**Work item**
Copy each line of the material beneath that holds the word "Section".
+++
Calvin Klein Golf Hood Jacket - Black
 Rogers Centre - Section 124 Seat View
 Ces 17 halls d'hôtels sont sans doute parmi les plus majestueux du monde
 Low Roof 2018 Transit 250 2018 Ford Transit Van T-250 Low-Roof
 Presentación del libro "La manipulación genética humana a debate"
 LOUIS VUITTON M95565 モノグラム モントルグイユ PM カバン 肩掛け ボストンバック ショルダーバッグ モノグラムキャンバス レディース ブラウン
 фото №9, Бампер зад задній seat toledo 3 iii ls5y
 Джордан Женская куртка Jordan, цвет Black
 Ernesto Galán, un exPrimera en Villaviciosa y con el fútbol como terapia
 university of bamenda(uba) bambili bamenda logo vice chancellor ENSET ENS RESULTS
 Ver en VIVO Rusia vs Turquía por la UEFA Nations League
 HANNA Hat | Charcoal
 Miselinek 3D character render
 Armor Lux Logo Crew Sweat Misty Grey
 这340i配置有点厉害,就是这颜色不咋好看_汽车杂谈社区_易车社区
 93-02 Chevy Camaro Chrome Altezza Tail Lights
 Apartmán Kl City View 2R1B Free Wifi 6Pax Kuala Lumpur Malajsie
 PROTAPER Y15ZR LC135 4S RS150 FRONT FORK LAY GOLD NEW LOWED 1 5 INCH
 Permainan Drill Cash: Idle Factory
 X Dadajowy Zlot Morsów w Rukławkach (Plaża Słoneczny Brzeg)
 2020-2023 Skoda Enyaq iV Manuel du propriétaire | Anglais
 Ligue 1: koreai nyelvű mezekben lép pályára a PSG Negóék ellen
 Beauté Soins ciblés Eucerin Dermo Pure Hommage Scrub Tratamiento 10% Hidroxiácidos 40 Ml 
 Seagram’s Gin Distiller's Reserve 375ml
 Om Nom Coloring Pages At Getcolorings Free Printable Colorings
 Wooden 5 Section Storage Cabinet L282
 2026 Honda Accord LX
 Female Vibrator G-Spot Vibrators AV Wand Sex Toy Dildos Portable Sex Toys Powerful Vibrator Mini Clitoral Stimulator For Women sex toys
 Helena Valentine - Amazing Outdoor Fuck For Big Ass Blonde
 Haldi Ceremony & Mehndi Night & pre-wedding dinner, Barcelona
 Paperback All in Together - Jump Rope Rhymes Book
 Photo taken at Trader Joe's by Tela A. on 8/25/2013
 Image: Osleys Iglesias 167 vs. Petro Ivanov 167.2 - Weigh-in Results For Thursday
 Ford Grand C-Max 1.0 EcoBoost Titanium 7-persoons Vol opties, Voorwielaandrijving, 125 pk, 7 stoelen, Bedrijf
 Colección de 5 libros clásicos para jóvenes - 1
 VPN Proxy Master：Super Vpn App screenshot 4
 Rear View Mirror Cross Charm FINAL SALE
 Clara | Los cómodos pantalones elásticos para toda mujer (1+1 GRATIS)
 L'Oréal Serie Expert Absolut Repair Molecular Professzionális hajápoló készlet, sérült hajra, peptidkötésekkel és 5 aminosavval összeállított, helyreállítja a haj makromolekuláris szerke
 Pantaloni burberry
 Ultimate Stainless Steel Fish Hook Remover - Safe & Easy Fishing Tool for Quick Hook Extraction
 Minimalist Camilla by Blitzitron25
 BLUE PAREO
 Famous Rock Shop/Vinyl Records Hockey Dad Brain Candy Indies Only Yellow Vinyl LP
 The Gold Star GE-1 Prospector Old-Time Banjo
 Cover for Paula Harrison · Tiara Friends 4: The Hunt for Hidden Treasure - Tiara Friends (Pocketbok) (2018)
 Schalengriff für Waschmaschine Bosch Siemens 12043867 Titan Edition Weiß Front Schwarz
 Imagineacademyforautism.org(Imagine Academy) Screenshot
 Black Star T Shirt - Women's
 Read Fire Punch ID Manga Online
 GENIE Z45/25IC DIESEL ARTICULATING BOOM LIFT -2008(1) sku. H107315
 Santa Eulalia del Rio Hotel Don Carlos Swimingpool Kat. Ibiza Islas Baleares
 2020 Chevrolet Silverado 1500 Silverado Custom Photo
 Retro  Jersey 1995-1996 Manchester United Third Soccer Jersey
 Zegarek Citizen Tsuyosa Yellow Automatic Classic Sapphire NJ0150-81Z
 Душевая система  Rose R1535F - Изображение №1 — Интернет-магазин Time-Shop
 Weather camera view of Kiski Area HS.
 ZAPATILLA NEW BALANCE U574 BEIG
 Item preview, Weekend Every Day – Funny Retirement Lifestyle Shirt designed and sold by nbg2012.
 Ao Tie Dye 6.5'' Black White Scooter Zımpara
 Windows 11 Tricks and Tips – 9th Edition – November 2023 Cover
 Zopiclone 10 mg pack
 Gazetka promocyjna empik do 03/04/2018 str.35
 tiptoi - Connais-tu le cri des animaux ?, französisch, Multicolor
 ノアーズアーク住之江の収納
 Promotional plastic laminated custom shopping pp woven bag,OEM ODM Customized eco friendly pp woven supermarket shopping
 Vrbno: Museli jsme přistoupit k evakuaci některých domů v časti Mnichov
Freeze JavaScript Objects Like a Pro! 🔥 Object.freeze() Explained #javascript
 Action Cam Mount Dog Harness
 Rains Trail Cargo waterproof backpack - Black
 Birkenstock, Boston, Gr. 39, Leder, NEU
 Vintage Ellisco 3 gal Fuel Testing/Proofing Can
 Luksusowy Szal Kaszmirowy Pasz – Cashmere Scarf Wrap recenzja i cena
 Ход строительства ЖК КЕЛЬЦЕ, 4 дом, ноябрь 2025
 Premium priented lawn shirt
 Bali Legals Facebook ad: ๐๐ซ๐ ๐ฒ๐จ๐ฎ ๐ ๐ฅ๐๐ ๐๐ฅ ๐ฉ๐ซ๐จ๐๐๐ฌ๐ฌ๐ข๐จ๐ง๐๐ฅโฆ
+++
**Response to the exercise**
 Rogers Centre - Section 124 Seat View
 Wooden 5 Section Storage Cabinet L282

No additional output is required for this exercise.